Halitosis

It’s very easy to say “I’m too busy, I don’t have time for this or that.”   Lots of stressors compete for your time.  There’s so much to squeeze into the average day.  Things like going to the gym, the grocery store, throwing in a load of laundry, and getting the oil changed in the car.  Stuff you need to do but if you think about it, don’t necessarily have to do.  I recently analyzed my schedule and decided that there’s one activity you always have time for and should never skip, no matter what, and must do every damned day.  At least twice, as a matter of fact.  That activity?  Brushing your teeth.

Did you ever wake up with breath so ferocious that you could take three layers of paint off an antique dresser?  I have.  It proves that something metabolic takes place in your mouth at night.  Fairies fart in there.  Molecules meet the end of their half-life in there.  Dreams die in there.  I don’t know what happens overnight, but it’s bad.

I once took a tour with a guide at Mammoth Cave.  I made the mistake of walking right behind the guide where, no lie, six feet behind him I could smell the vapor trail of his halitosis.  This shit was crippling.  Something had gone wrong in his mouth and it would take a team of scientists to fix the problem.

I remember starting to get woozy as we stepped into “Fat Man’s Misery” a tight space in the cavern, obviously named in the 1800’s when there was no such thing as political correctness.  (I mean, why hurt the feelings of obese spelunkers?)  I was directly behind the guy when he started to explain how that area of the cave got it’s name.  It was then that suddenly I was overcome by a smell that made me think of the Jolly Green Giant’s ass.  The guy’s breath was fogging back at me, in the tightest area of the cave where I had no option but to follow closely behind.  He went on and on while I was turning green, “Shut the fuck up man!”  I was yearning for his story to be over just so he’d close the gangrenous wound between his lips he called a mouth.

As I struggled for air in the already claustrophobic conditions, I realized, “Sure, he talks for a living.
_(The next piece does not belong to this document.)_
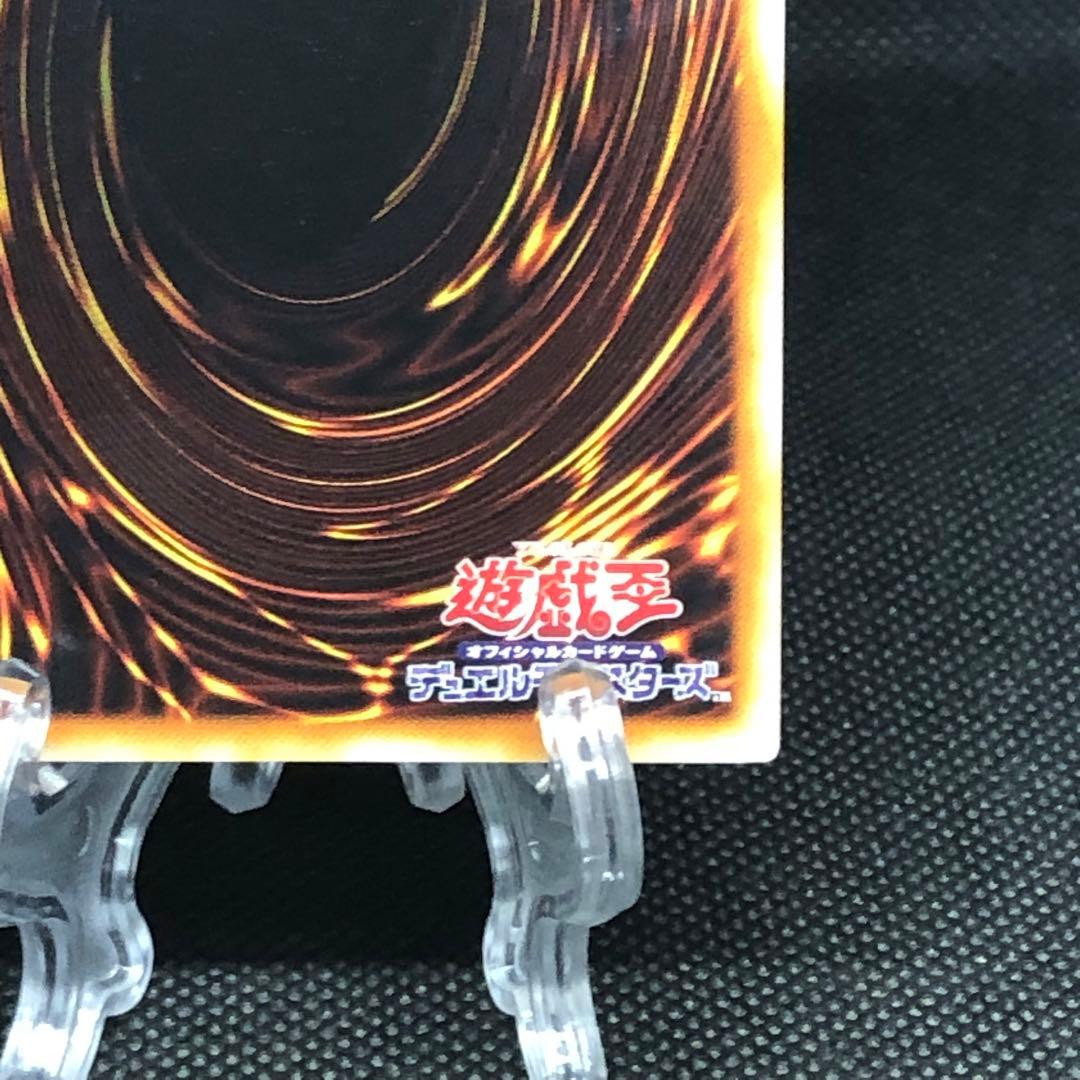 【美品】 遊戯王 ヂェミナイエルフ レリーフ BC-34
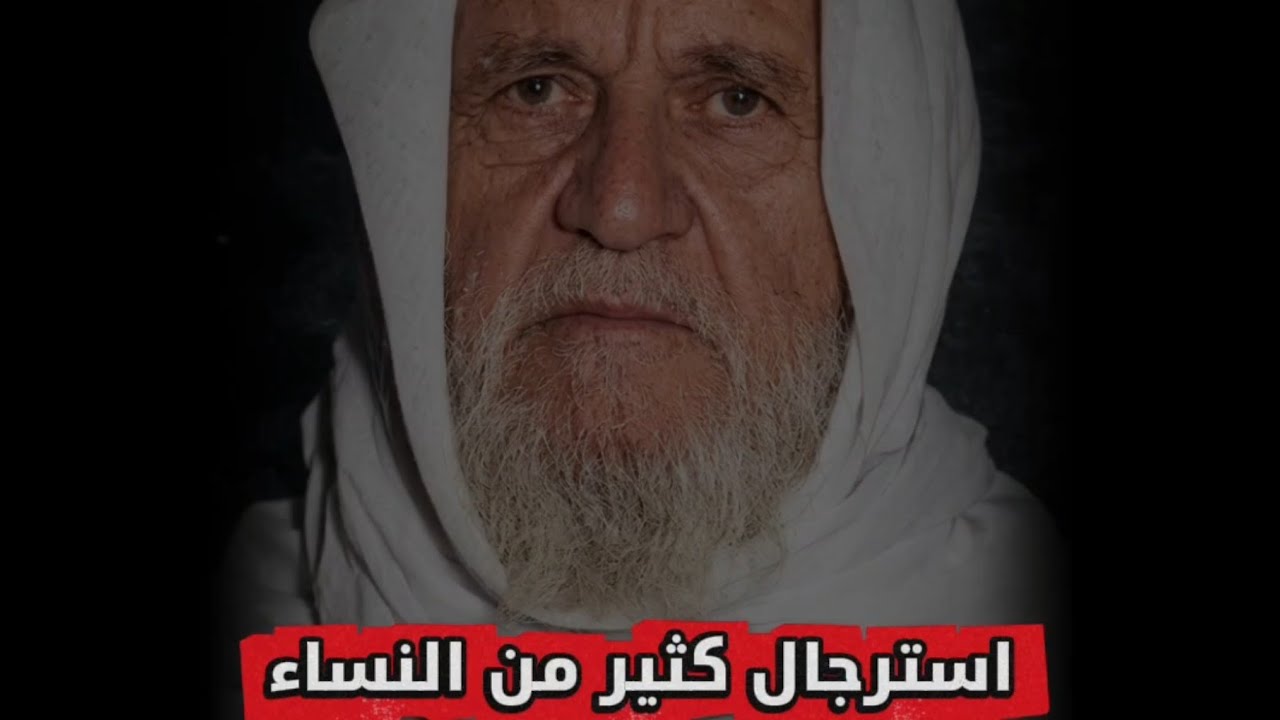 النسويات _ استرجال كثير من النساء اليوم من حيث لا يشعرن بسبب.. ، لعن الله الرجلة من النساء| الألباني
That’s enough to dry out one’s soft palate.”  And, he was probably under hydrated.  It could happen to the best of us.  But my legs literally buckled the first time I caught a whiff of the dead cat this guy had in his mouth.  I estimated, he hadn’t brushed for a week.

There’s always time to brush your fucking teeth.  Get in there good.  Brush the teeth waaaaaayyyyyy in back.  And get the roof of your mouth and your tongue while you’re at it.  Everyone will appreciate your efforts.